Stored data START
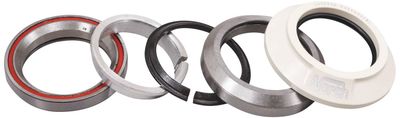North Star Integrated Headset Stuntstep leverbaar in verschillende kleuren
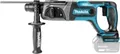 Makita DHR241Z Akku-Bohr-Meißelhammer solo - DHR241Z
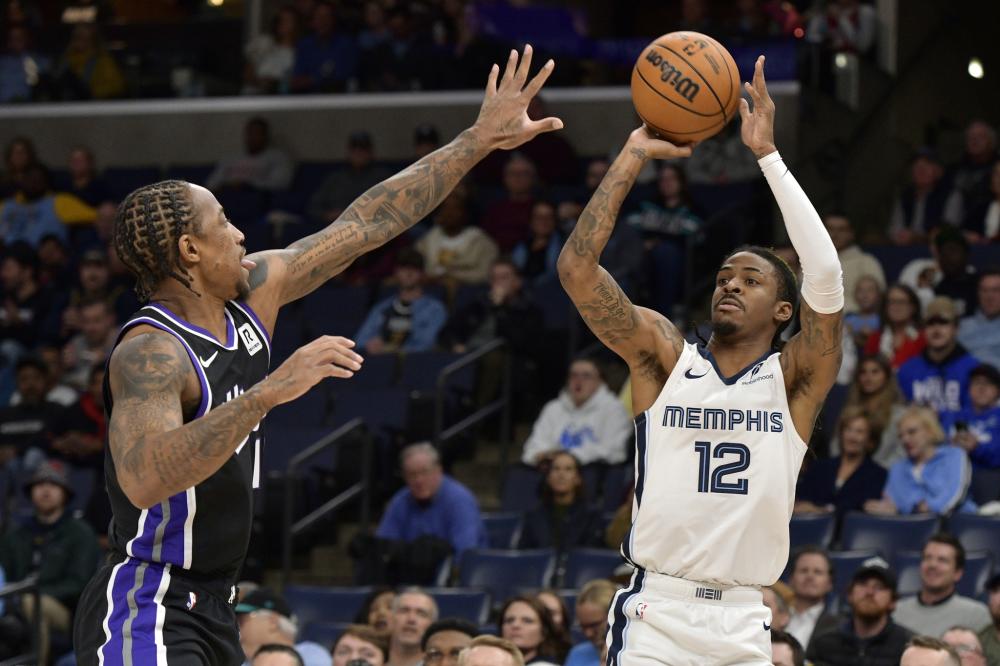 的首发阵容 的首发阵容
Stored data END
Stored data START
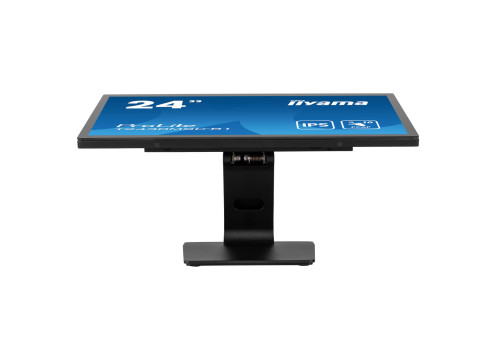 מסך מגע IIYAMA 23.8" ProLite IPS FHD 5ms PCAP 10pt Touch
Stored data END
What you should do ::
Within the listing above, extract exactly the lines that run from the one containing "Makita DHR241Z Akku-Bohr-Meißelhammer" through the one containing "的首发阵容 的首发阵容", excluding any pictures.

Solution for this problem ::
 Makita DHR241Z Akku-Bohr-Meißelhammer solo - DHR241Z
 的首发阵容 的首发阵容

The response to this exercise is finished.